3  Analysing the results.

The output .log and .trees files will be in the same directory where the XML file is after the analysis is finished. Useful information is reported to the screen output. See this for information about the data, citations, and suggestions for improvement of the operator performance.

Open the LOG file in Tracer to review estimated statistics. For this analysis, the important parameters are the tree model parameters: origin, diversification rate, turnover and sampling proportion. Another statistic of interest is the sampled ancestor count (‘SAcountFBD’) which is the number of fossils that are direct ancestors of other fossils or extant taxa. Figure 6 shows the estimates of the model parameters and the posterior distribution for the number of sampled ancestors.


Figure 6: The posterior estimates from the bear analysis in Tracer.

Use TreeAnnotator to summarise the tree distribution and FigTree to view the summary tree.
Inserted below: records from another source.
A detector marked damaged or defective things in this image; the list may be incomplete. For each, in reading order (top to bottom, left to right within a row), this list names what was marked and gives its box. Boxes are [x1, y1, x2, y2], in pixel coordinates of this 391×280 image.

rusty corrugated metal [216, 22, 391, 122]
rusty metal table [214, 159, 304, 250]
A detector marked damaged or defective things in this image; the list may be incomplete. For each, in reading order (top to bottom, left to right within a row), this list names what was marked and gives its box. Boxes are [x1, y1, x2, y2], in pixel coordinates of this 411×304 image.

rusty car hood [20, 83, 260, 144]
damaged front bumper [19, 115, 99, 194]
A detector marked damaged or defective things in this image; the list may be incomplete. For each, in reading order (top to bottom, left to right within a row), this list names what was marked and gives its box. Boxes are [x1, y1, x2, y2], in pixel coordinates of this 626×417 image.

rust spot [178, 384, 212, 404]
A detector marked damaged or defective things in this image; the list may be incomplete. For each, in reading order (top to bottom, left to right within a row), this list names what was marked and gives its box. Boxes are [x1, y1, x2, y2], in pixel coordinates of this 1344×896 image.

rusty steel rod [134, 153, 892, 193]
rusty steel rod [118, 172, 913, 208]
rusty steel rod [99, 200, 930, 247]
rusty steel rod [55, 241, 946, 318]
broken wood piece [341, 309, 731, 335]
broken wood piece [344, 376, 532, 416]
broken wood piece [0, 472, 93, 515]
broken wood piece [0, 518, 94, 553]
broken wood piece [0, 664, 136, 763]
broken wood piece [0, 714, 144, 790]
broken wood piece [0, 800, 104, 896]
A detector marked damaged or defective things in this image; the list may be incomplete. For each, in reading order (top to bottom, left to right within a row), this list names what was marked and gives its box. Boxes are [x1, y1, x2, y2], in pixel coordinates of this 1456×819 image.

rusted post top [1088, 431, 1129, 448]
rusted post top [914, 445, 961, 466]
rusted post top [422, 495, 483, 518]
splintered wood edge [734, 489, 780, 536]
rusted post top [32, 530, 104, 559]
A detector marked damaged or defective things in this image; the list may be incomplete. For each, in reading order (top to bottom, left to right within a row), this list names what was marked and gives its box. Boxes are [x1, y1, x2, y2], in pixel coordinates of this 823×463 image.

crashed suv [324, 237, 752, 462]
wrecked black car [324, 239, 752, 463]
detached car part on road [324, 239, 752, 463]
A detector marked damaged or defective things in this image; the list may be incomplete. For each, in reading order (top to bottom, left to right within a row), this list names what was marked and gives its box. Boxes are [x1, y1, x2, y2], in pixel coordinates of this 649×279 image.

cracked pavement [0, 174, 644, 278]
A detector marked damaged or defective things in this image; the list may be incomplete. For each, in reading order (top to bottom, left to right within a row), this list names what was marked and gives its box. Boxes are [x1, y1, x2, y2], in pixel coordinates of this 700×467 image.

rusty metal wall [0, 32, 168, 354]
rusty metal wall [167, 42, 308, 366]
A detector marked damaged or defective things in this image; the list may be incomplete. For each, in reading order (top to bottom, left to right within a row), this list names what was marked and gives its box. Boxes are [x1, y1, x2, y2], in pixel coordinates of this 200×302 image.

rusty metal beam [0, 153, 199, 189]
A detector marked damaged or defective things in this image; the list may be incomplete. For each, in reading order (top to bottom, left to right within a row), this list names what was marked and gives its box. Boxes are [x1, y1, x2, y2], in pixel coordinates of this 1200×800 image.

The summary tree of trees in bears.trees is shown in Figure 7. It is obtained using TreeAnnotator with 10% burnin, zero ‘Posterior probability limit’, ‘Maximum Clade Credibility Tree’ as the ‘Target tree type’ and ‘Mean heights’ as ‘Node heights’. To find the maximum clade credibility tree the TreeAnnotator takes into account sampled ancestor clades, that is, any two clades with the same taxa are considered as distinct clades if the most recent common ancestor in one clade is a sampled node and in another clade is a bifurcation node. TreeAnnotator gives sensible results for sampled ancestor trees only in case when fossil ages are fixed.


Figure 7: FigTree view of the maximum clade credibility tree with mean node heights obtained with TreeAnnotator. The strictly horizontal branches (zero length branches) represent sampled ancestor nodes.

References

[1]
A. Gavryushkina, D. Welch, T. Stadler, and A. J. Drummond. Bayesian inference of sampled ancestor trees for epidemiology and fossil calibration. PLoS Computational Biology, 10(12):e1003919, 2014.